AMD inc/decmul_1 mul_1
inc/decmul_1 is bound by 2.333+€ c/w by macro-op retirement of the
pipelined sequence
mov $0,r2
mov (src),AX
mul CX
add r0,-8(dst) // for the decmul_1 version replace
this add with a sub
adc AX,r1
adc DX,r2
mul_1 is very similar
mov $0,r2
mov (src),AX
mul CX
mov r0,-8(dst)
add AX,r1
adc DX,r2
and has the same bound(and runs at the same speed). The incmul_1
sequence is very limiting for the schedulers and pick hardware (the
mul_1 has more flexibility)
A 3-way unroll (which is the minimum for incmul_1) runs at 2.666c/w and
a 4-way unroll runs at 2.5c/w
A version which has 4 cases in the epilog to handle the leftovers
incmul_1_4way runs at 2.5c/w code size
407bytes
A version which jumps into the middle of the loop to handle the
leftovers
incmul_1_4way_jmpin runs at
2.5c/w code size 278bytes
mul_1 has a minimum unroll of 2 , so it is possible that a 2x2-way
unroll could be found which uses 2 less registers.
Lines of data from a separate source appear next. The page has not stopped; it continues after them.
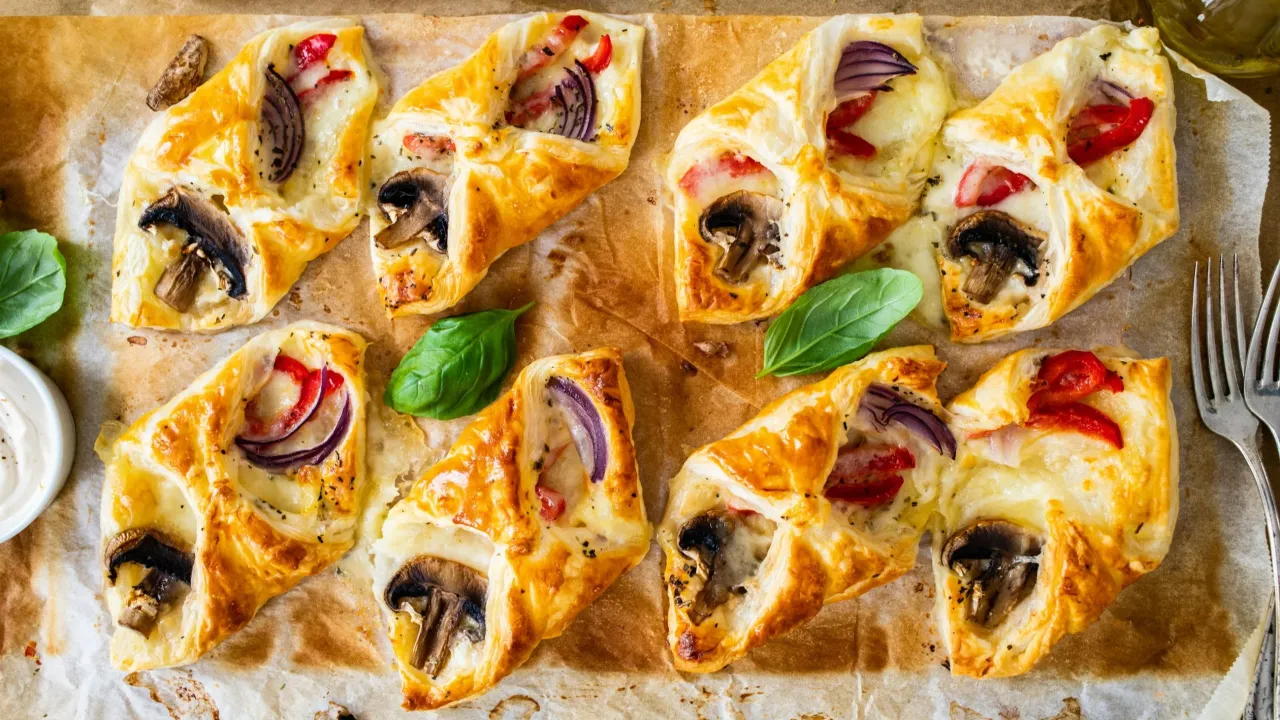Pyszne paczuszki z ciasta francuskiego z pieczarkami, cebulą i papryką. Idealne, gdy zastanawiasz się, jak zawijać ciasto francuskie na szybką przekąskę.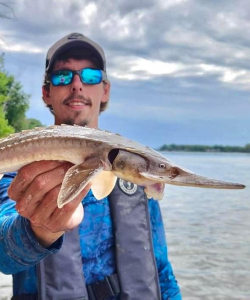 Stefan R. Tucker holding a small fish in the foreground of the image with rippled water in the background.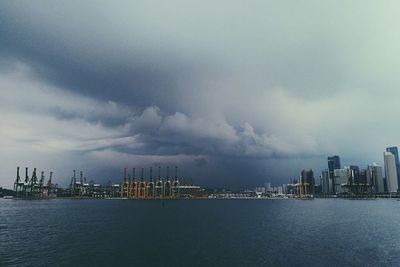 Factories and buildings in city by sea against cloudy sky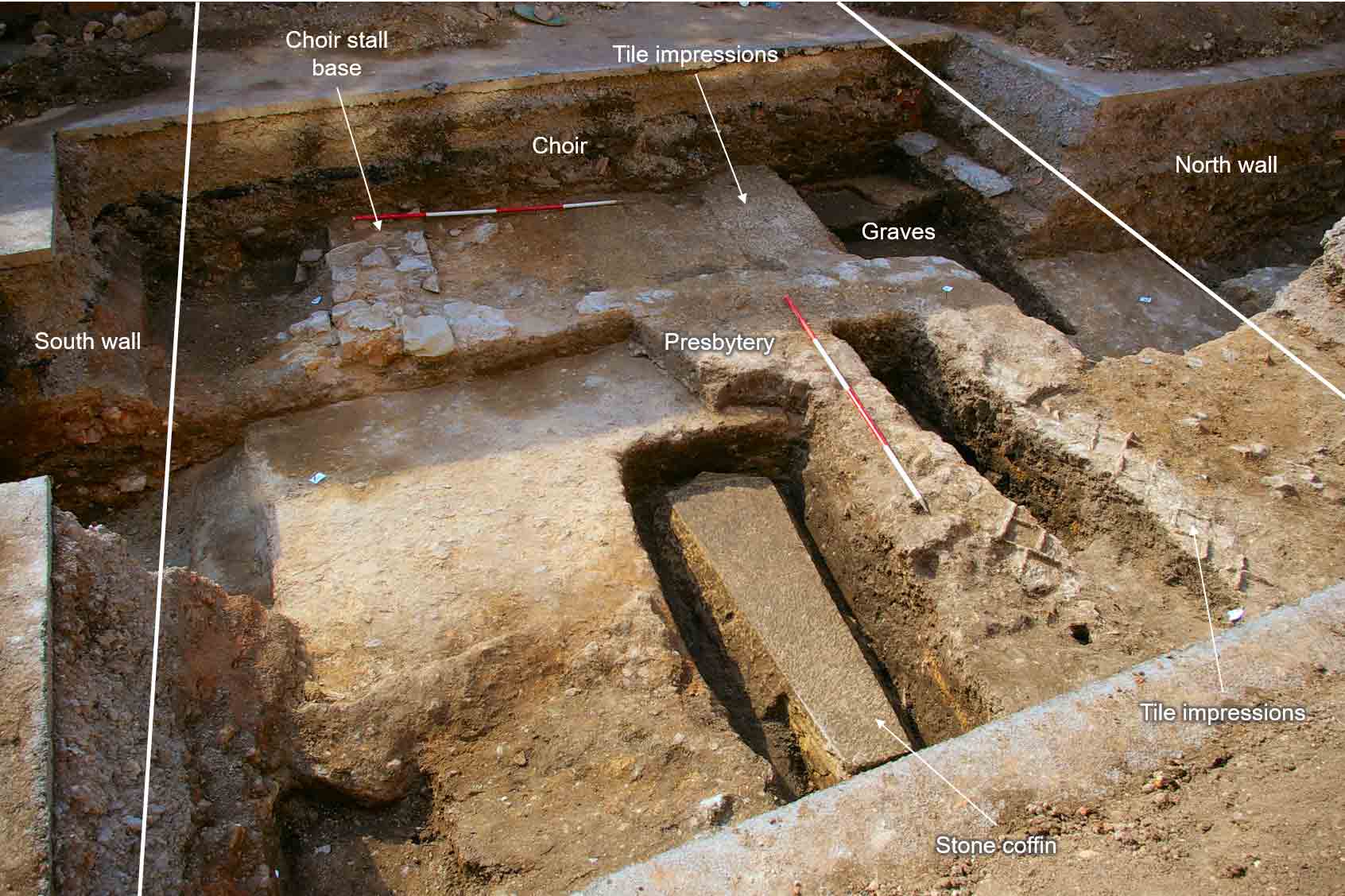 Trench 3 (G-H) fully excavated, looking west. A medieval stone coffin and tile impressions in the presbytery of the church can be seen in the foreground, with the remains of the choir stalls behind.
The next step is a 7-way unroll which runs at 2.428c/w , the mul_1 is
easy to find but for the incmul_1 the schedulers have a hard time as
all the operations are in the ALU's , we can reduce this pressure on
the ALU's by replacing the instruction mov $0,reg by lea
(reg0,reg0,2),reg , where reg0=0 , this uses the AGU instead of the
ALU(even on K10, hence the addressing mode)
A version which has 7 cases in the epilog to handle the leftovers
incmul_1_7way runs at 2.428c/w
A version which has 7 cases in the epilog to handle the leftovers and
uses a small jump table to choose them
incmul_1_7way_jmpepi runs at
2.428c/w
A version which jumps into the middle of the loop to handle the
leftovers
incmul_1_7way_jmpin runs at
2.428c/w
These arn't really practical so no effort has been made to optimize
them. Code size is the problem for the first 2 and calculating size%7
for the last one.
Further unrolling may be possible , 5x2, 4x4, 2x8 -way unrolls giving
2.4, 2.375, 2.375 c/w